> Source records
*****

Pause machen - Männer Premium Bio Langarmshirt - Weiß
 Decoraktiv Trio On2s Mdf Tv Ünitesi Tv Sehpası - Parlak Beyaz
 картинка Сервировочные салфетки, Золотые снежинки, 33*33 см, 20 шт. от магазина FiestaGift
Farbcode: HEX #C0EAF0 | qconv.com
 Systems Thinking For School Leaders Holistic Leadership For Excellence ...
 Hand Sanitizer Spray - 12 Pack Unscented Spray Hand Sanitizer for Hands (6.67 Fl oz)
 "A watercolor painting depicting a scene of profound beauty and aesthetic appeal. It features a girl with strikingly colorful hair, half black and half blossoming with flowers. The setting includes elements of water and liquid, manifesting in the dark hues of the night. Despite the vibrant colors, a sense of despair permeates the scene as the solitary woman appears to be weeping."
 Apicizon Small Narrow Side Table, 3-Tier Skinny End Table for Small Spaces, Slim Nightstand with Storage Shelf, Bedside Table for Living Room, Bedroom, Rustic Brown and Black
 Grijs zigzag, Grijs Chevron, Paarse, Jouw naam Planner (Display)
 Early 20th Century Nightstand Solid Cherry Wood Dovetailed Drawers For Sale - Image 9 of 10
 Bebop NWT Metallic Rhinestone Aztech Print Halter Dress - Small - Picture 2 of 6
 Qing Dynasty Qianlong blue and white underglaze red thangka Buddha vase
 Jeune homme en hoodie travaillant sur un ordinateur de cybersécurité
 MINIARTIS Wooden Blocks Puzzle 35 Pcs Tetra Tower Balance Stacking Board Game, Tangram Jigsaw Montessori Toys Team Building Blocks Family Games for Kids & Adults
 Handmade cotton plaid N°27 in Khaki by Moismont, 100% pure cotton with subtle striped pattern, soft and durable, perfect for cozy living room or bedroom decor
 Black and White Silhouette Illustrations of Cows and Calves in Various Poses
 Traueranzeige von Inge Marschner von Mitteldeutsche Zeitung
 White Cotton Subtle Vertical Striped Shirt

*****

> Problem to work on
Your task is to set down again, exactly, every line from the beginning of the listing through the line with "Hand Sanitizer Spray".

> Answer box
Pause machen - Männer Premium Bio Langarmshirt - Weiß
 Decoraktiv Trio On2s Mdf Tv Ünitesi Tv Sehpası - Parlak Beyaz
 картинка Сервировочные салфетки, Золотые снежинки, 33*33 см, 20 шт. от магазина FiestaGift
Farbcode: HEX #C0EAF0 | qconv.com
 Systems Thinking For School Leaders Holistic Leadership For Excellence ...
 Hand Sanitizer Spray - 12 Pack Unscented Spray Hand Sanitizer for Hands (6.67 Fl oz)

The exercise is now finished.